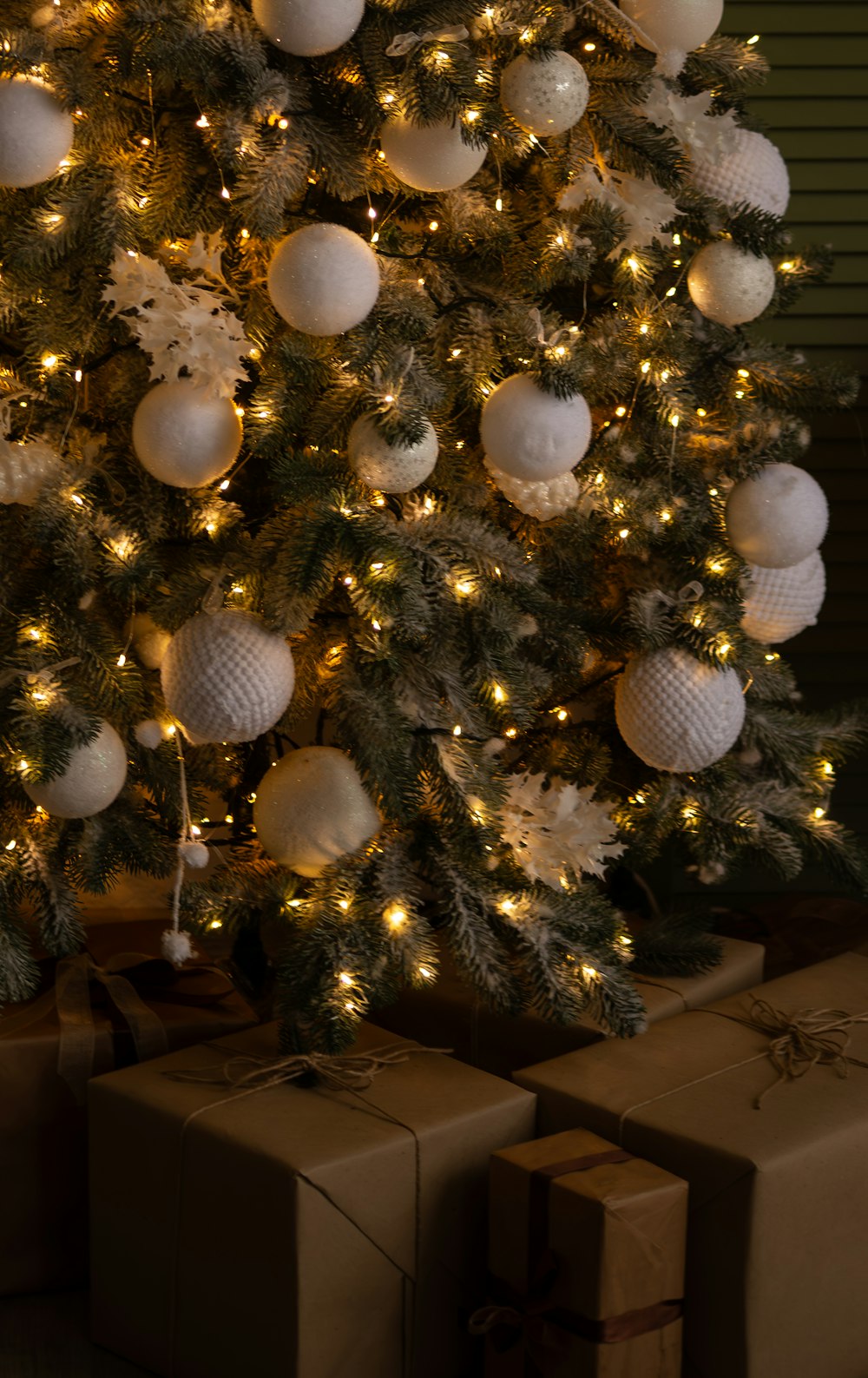 Un árbol de Navidad decorado con regalos debajo de él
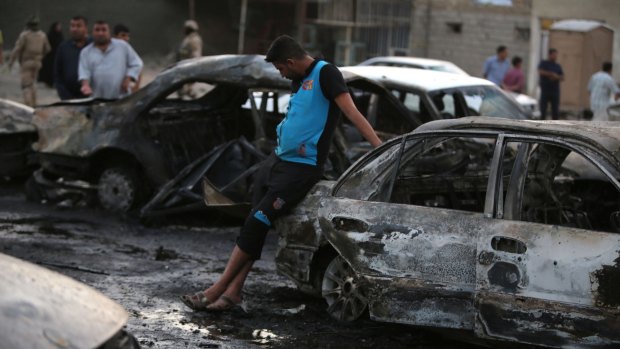 Cycle of violence: Iraqi men gather at the scene of one of the two car bombs that exploded in Baghdad's Habibiyah area in May 2013.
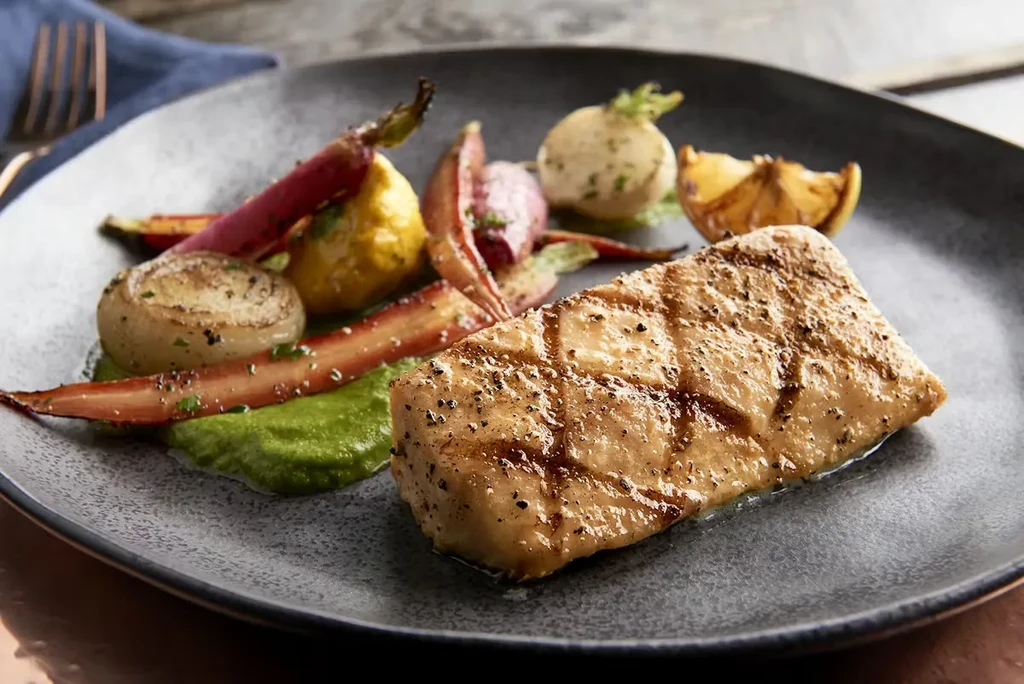 Grilled fish/chicken, colorful roasted vegetables, green puree, lemon on dark plate.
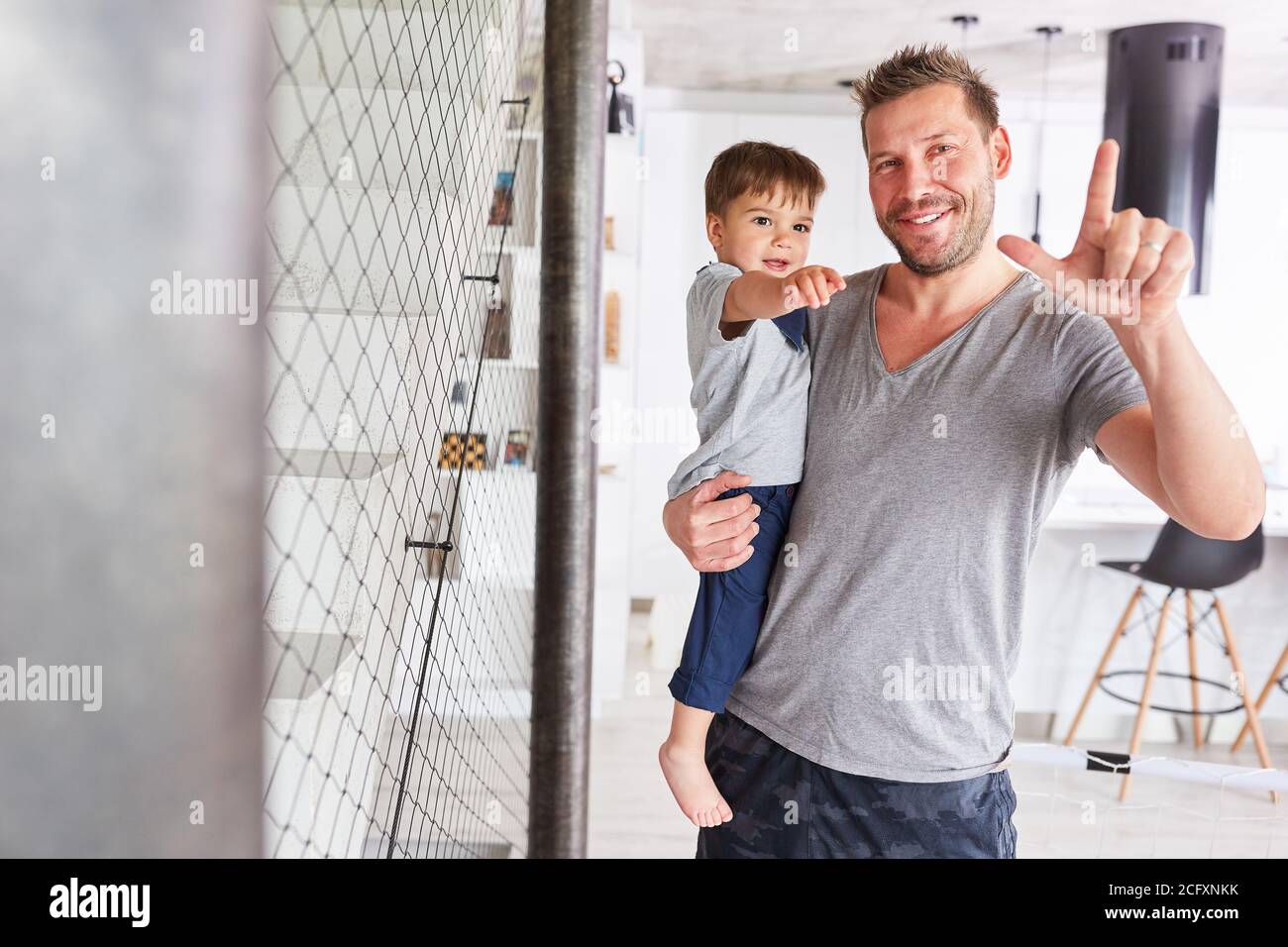 Glücklicher Vater trägt seinen Sohn in seinen Armen zur Pflege Und die alleinerziehende Erziehung Stockfoto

-=-=-

Say again, word for word, every line from the one with "Cycle of violence: Iraqi" through the last line of the data above, minus the pictures.

- _ANSWER TO THIS EXERCISE_
 Cycle of violence: Iraqi men gather at the scene of one of the two car bombs that exploded in Baghdad's Habibiyah area in May 2013.
 Grilled fish/chicken, colorful roasted vegetables, green puree, lemon on dark plate.
 Glücklicher Vater trägt seinen Sohn in seinen Armen zur Pflege Und die alleinerziehende Erziehung Stockfoto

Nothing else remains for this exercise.